Listed records:
┄┄┄┄┄┄
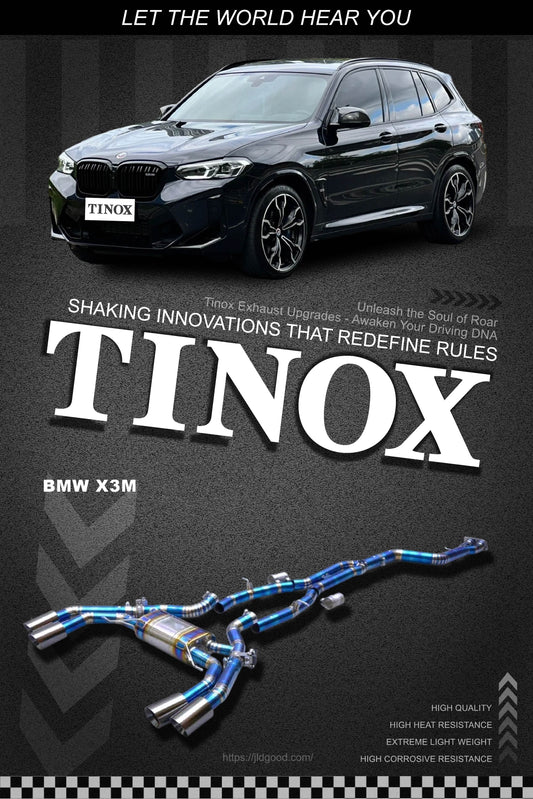 BMW X3MX4M Titanium titanium alloy blue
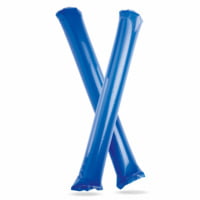 Палки-стучалки для болельщиков Hip-Hip, синие купить с нанесением логотипа оптом на заказ в интернет-магазине Санкт-Петербург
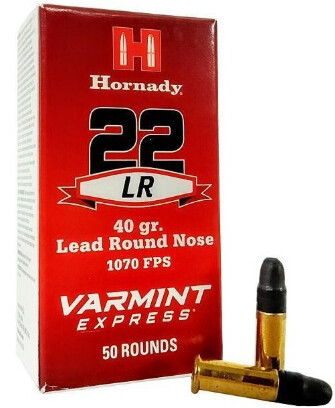 Hornady Varmint Express - 40grain Lead Round Nose .22LR 50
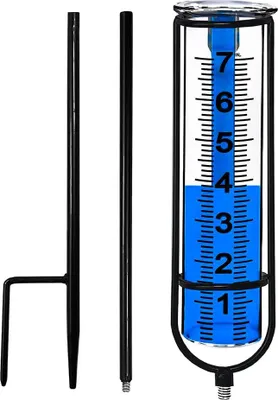 Image de Pluviomètre à grands chiffres - visibilité améliorée - 1 pièce - verre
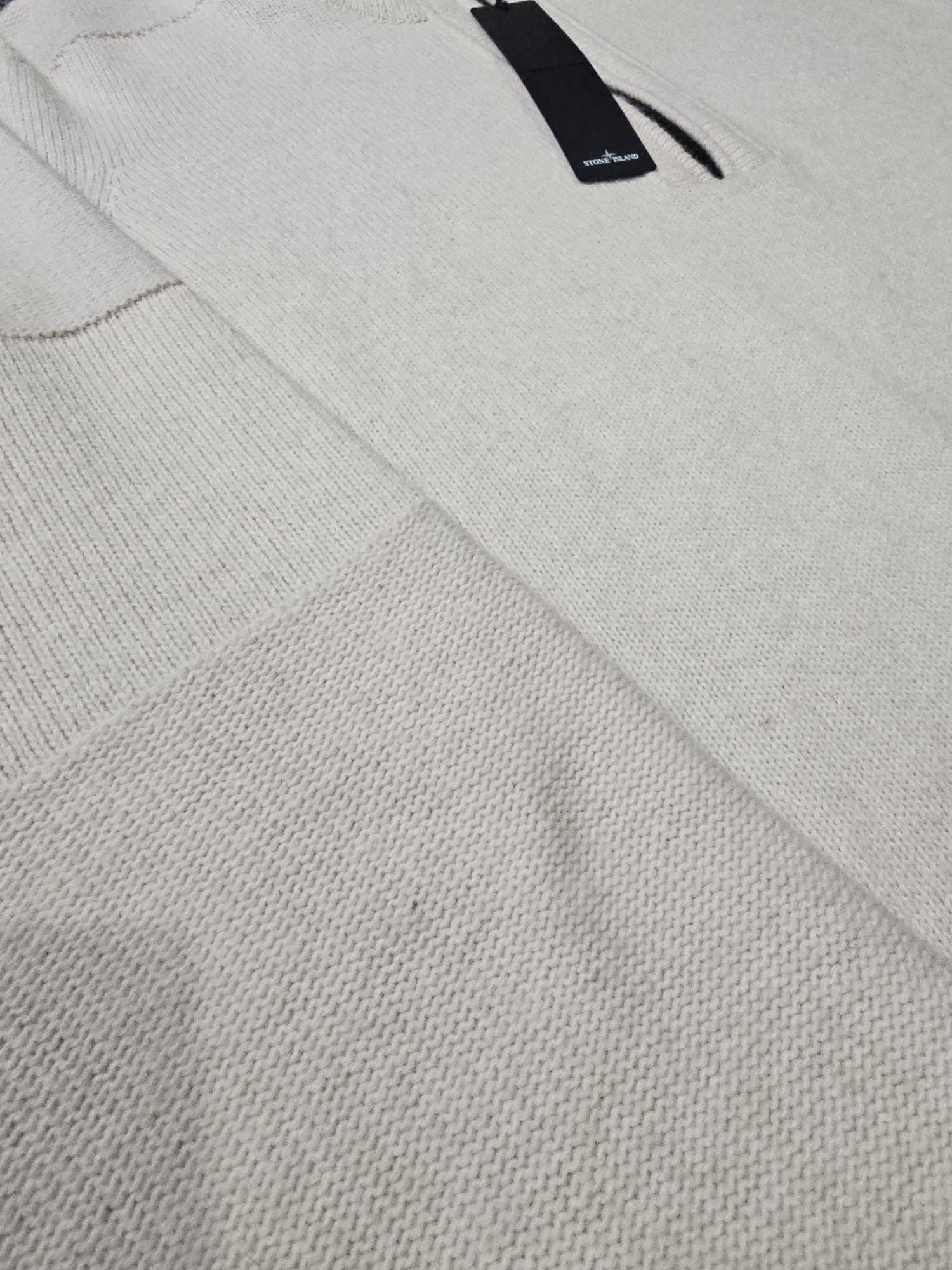 Stone Island - Lana Wool 1/4 Zip Chunky Knit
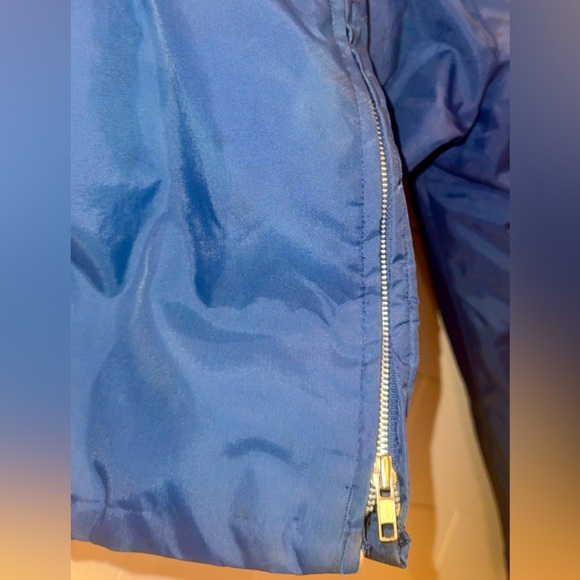 Vintage Sears Snowmobile retro Leisure Suit Large Snow Suit Ski 70’s 80’s Blue - Picture 6 of 9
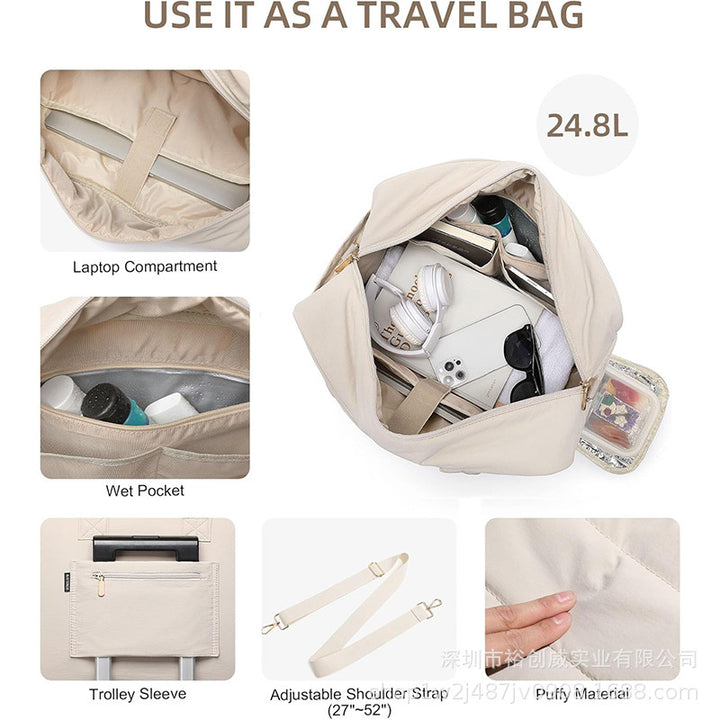 Insulated Lunch Tote Bag with Removable Cooler Bowlift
┄┄┄┄┄┄
Reproduce, exactly and without pictures, the lines above from the one containing "Hornady Varmint Express" through the last line of the material, both ends included, and nothing more.

 Hornady Varmint Express - 40grain Lead Round Nose .22LR 50
 Image de Pluviomètre à grands chiffres - visibilité améliorée - 1 pièce - verre
 Stone Island - Lana Wool 1/4 Zip Chunky Knit
 Vintage Sears Snowmobile retro Leisure Suit Large Snow Suit Ski 70’s 80’s Blue - Picture 6 of 9
 Insulated Lunch Tote Bag with Removable Cooler Bowlift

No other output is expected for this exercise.